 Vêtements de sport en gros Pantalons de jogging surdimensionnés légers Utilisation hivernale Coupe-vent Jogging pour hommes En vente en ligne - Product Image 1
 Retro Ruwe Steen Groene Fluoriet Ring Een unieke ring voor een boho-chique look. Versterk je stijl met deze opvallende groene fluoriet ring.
...
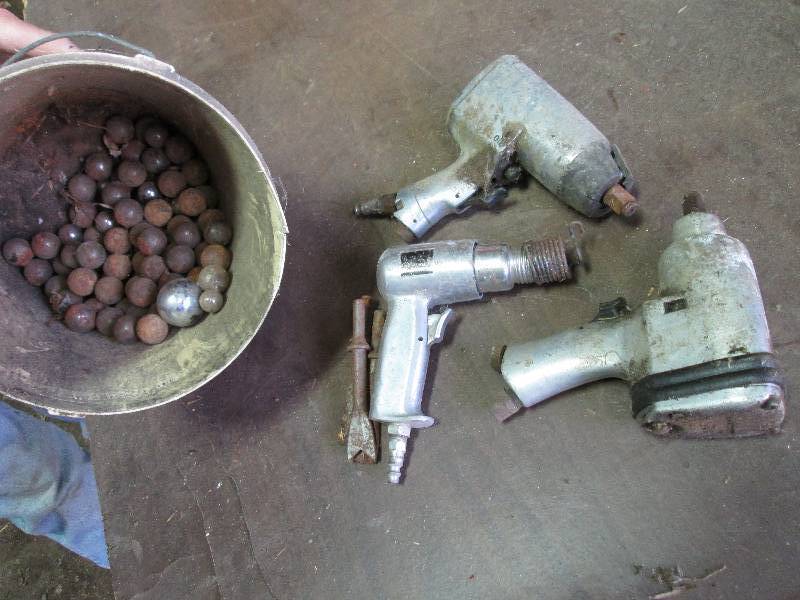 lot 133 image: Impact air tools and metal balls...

Activity:
Could you restate, word for word, the lines above from the one with "Vêtements de sport" to the one with "Retro Ruwe Steen", both included?

Task response:
 Vêtements de sport en gros Pantalons de jogging surdimensionnés légers Utilisation hivernale Coupe-vent Jogging pour hommes En vente en ligne - Product Image 1
 Retro Ruwe Steen Groene Fluoriet Ring Een unieke ring voor een boho-chique look. Versterk je stijl met deze opvallende groene fluoriet ring.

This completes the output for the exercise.